### Source data
# # # # # # #

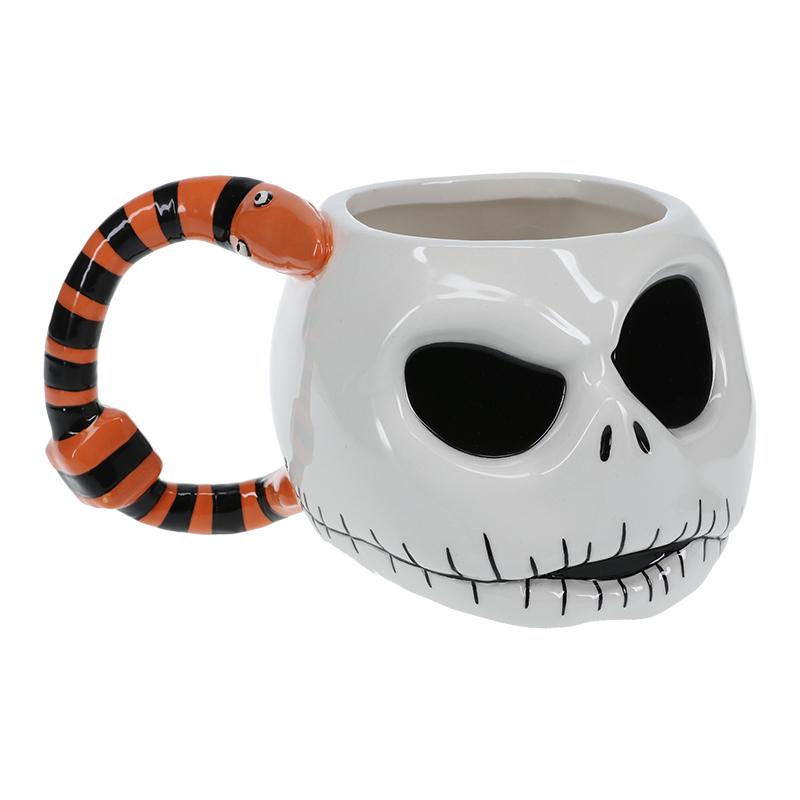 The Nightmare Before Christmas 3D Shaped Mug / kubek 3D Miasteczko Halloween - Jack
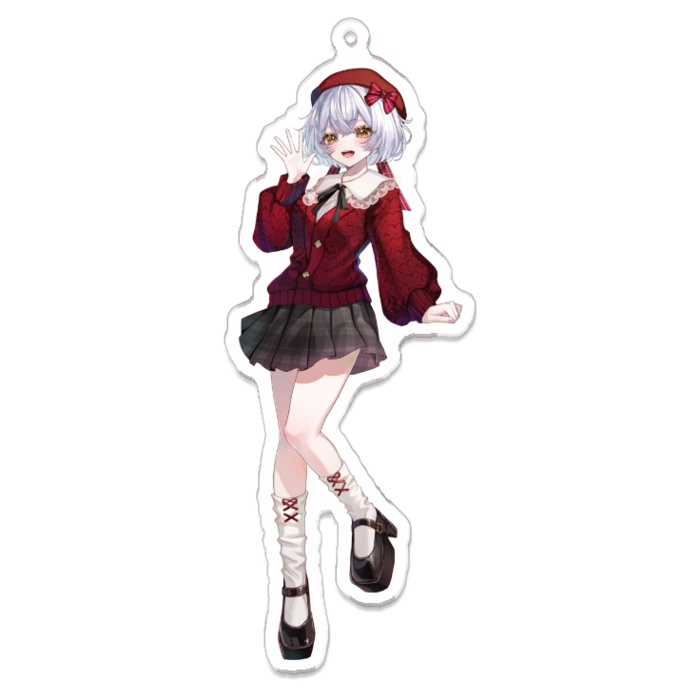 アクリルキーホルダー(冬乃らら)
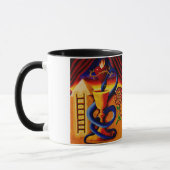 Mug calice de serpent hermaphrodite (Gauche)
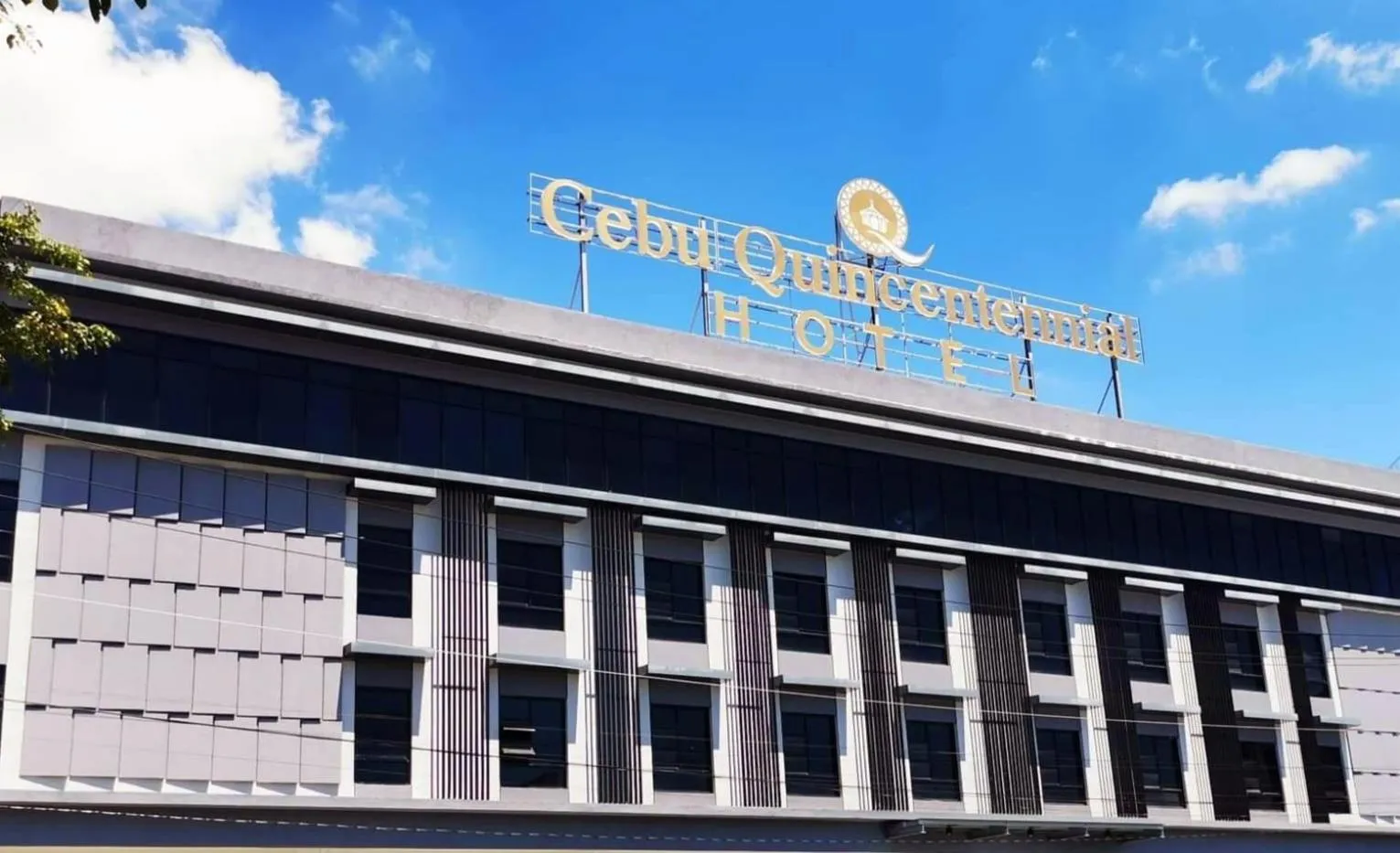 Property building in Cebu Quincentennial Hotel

# # # # # # #

Every line of the data above should be quoted exactly. Omit the pictures.

 The Nightmare Before Christmas 3D Shaped Mug / kubek 3D Miasteczko Halloween - Jack
 アクリルキーホルダー(冬乃らら)
 Mug calice de serpent hermaphrodite (Gauche)
 Property building in Cebu Quincentennial Hotel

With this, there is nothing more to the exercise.